→ What needs to be done
Apart from the pictures, print the data below exactly as given.

→ Dataset excerpt
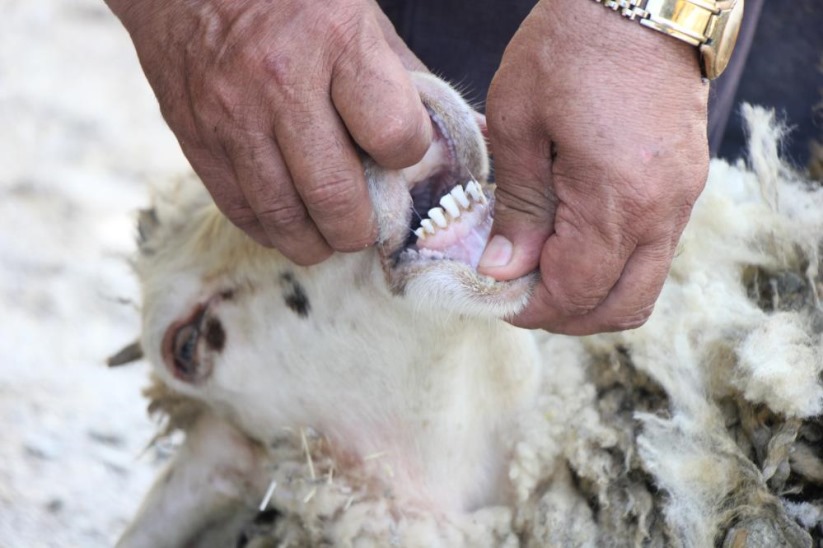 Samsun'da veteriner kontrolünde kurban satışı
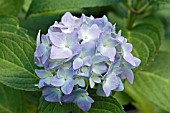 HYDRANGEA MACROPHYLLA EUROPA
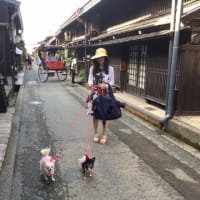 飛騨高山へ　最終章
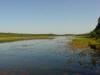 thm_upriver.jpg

→ Written reply
 Samsun'da veteriner kontrolünde kurban satışı
 HYDRANGEA MACROPHYLLA EUROPA
 飛騨高山へ　最終章
 thm_upriver.jpg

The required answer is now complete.